Tay and Cao (2002) have presented a modified version of SVMs for modelling

non-stationary financial time series that called C-ascending SVM. They obtained this

method by a simple modification of the regularised risk function in support vector

machines. “The empirical risk function has equal weight C to all the ε_insensitive errors

between the predicted and actual values” in the standard SVMs. The regularisation

constant C plays the trade-off role between the empirical risk and the regularised term. So

they applied a variable amount for C. They concluded that the C-ascending support

vector machine has better forecasting results for the actually ordered sample data than the

standard SVMs.

Cao (2003) have proposed using the SVMs experts for time series anticipating. There

are two stages neural network architecture in this kind of support vector machines. In

the first stage, the whole input space is divided into several disjointed regions by

unique support vector regression for improved modelling and forecastin

221

self-organising feature map (SOM) as a clustering algorithm. Then, in the second step,

SVM constructs the best fit partitioned regions by finding the most appropriate kernel

function and the optimal free parameters of SVMs.

Thissen et al. (2003) predicted time series for the field of chemo metrics by

performing SVMs, Elman recurrent neural networks, and autoregressive moving average

(ARMA) models. The authors have applied ε-SVR method for forecasting future data.

They have considered three datasets; ARMA time series, the chaotic and non-linear

Mackey-Glass data, and a real-world practice dataset containing relative differential

pressure changes of a filter. For the ARMA dataset, the ARMA model performed best for

this dataset rather than other methods. For the real-world dataset, the SVM performed

slightly worse than the best Elman network, because the training phase of the SVM was

not feasible with this relatively large dataset. But by using a training set with the much

lower resolution (i.e., 10%), this method was able to anticipate the filter series well. They

concluded that the largest benefits of SVMs is the fact that a global solution exists and is

found in contrast to neural networks which have to be trained with randomly chosen

initial weight settings.

Kim (2003) has predicted the stock price index by using SVMs in his paper. He also,

has searched the effect of the upper bound C and the kernel parameter δ2 in SVM. It is

clear from experimental result that the prediction performances of SVMs are sensitive to

the value of these parameters, so finding the optimal value of the parameters is important.

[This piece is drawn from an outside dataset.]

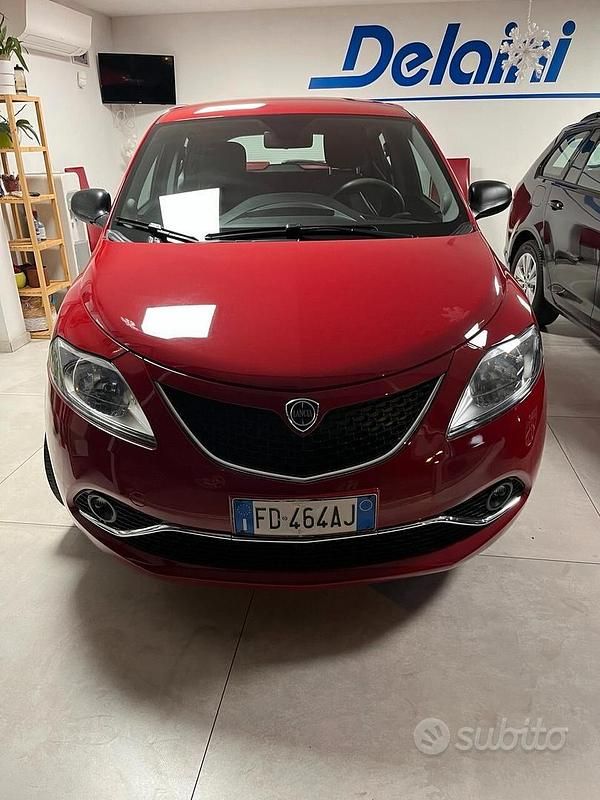 Rosso Usata 2016 Lancia Ypsilon Due volumi | 8900 € (Buon prezzo) - Immagine 1/4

In addition, they examined the feasibility of applying SVM in financial forecasting by

comparing it with back propagation neural networks and case-based reasoning. And at

the end, they concluded that SVM provides a promising alternative to stock market

prediction.

Bo et al. (2007) have proposed a recursive finite Newton algorithm for training

non-linear support vector regression (SVR-RFN). They have used the insensitive Huber

loss function (IHLF). They concluded that their method outperforms the LIBSVM 2.82.

Lu et al. (2009) have presented a two-stage forecasting model for financial time

series. At first, they used independent component (IC) analysis for generating ICs to

forecast variables. Then, ICs including noise were identified and removed. The rest of the

ICs were used as the input variables of the SVR forecasting model. They surveyed two

datasets including the Nikkei 225 opening cash index and the TAIEX closing cash index,

and compared the mentioned method with traditional SVR and random walk models by

considering prediction error and prediction accuracy as criteria. They concluded that their

method outperforms the traditional SVR and random walk models.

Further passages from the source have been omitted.